Chest Congestion: What’s Causing It and When To Get Help

Chest Congestion: What’s Causing It and When To Get Help
Kristin Hall, FNP
Medically reviewed by Kristin Hall, FNP Written by Our Editorial Team Last updated 8/13/2020

Knowing when to seek out professional health care and when to just ride out your illness is difficult. 

When you’re sick, you want someone to dote on you and care that you get better. Sometimes, the right person for that job is actually a healthcare professional. 

Chest congestion is a relatively common symptom that can be indicative of something fleeting (like a cold) or something more serious (like pneumonia).

Understanding these causes can help you determine if it makes sense to settle onto the couch with hot tea and a blanket or contact your healthcare provider immediately. 

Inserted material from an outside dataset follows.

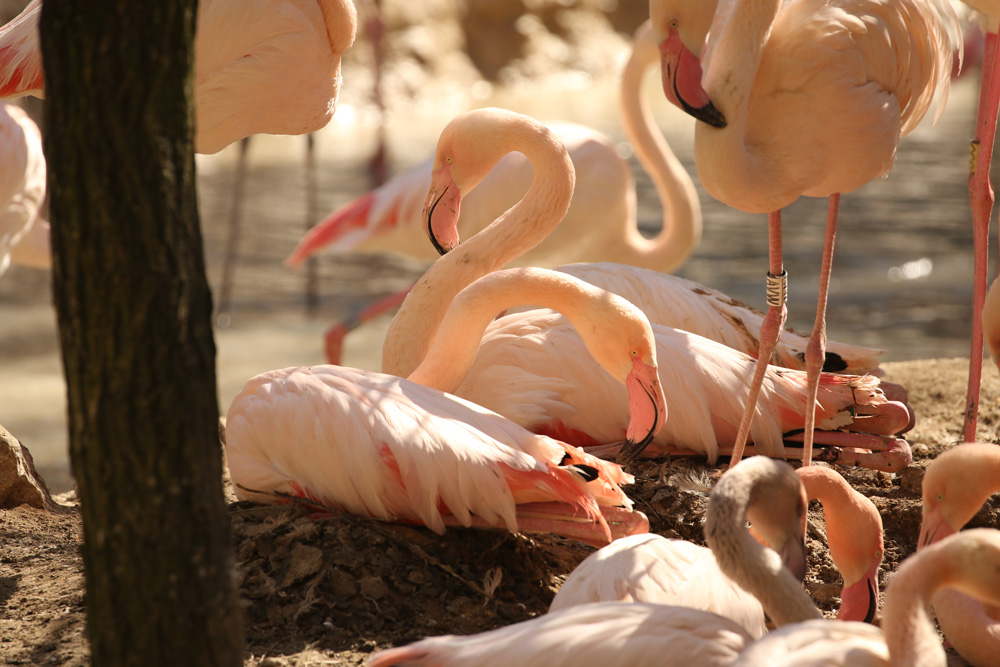 flamingo-7423-4.jpg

What Is Chest Congestion? 

Did you know that coughs are one of the most common symptoms that send people to a healthcare professional? They’re also one of the most annoying symptoms. You ever wake yourself up in the middle of the night because you were thrust into a coughing fit? Fun times. 

Chest congestion is comparable to nasal congestion, but the mucus setttles in your airways rather than your nose. People often refer to this as a “chest cold.” 

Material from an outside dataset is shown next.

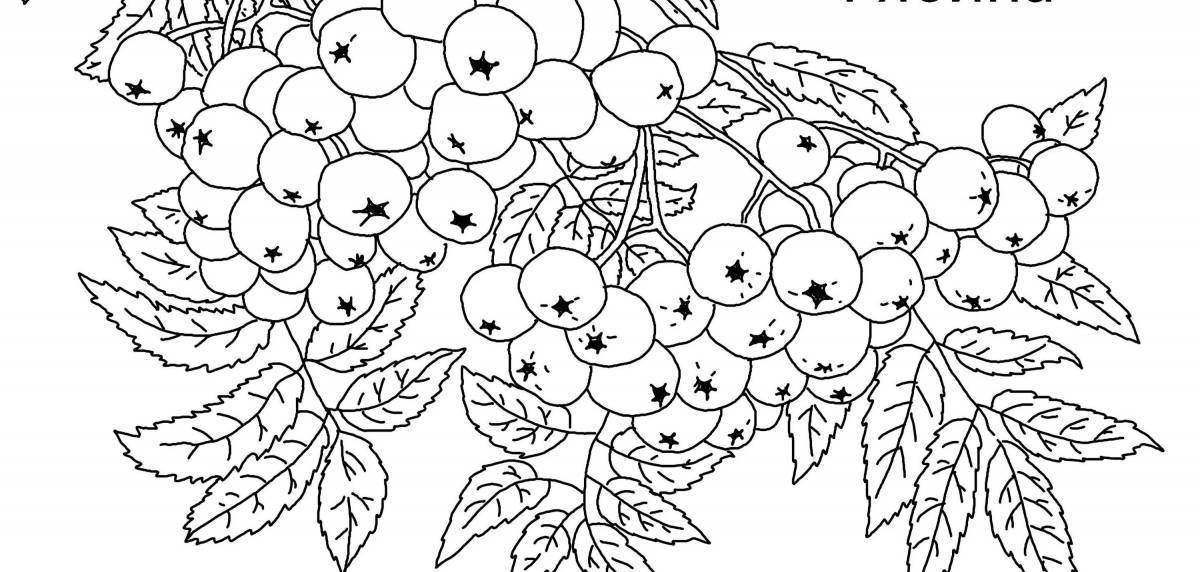 Bright rowan twig coloring for kids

When you have a chest cold, your airways swell and mucus develops in the lungs, usually leaving you with a cough, often one that produces phlegm.

Chest congestion generally causes a cough, which can lead to a sore throat or soreness in the chest. It is a symptom, which can help your healthcare provider  determine an underlying illness and ultimately, the right course of action to get you feeling better. 

Chest Congestion Causes 

There are several things that could contribute to chest congestion. 

A healthcare professional can analyze your symptoms and medical history to provide the right diagnosis. 

Here are some of the more common causes of chest congestion: 

Acute bronchitis 

Acute bronchitis is the medical name for an upper respiratory infection or chest cold. 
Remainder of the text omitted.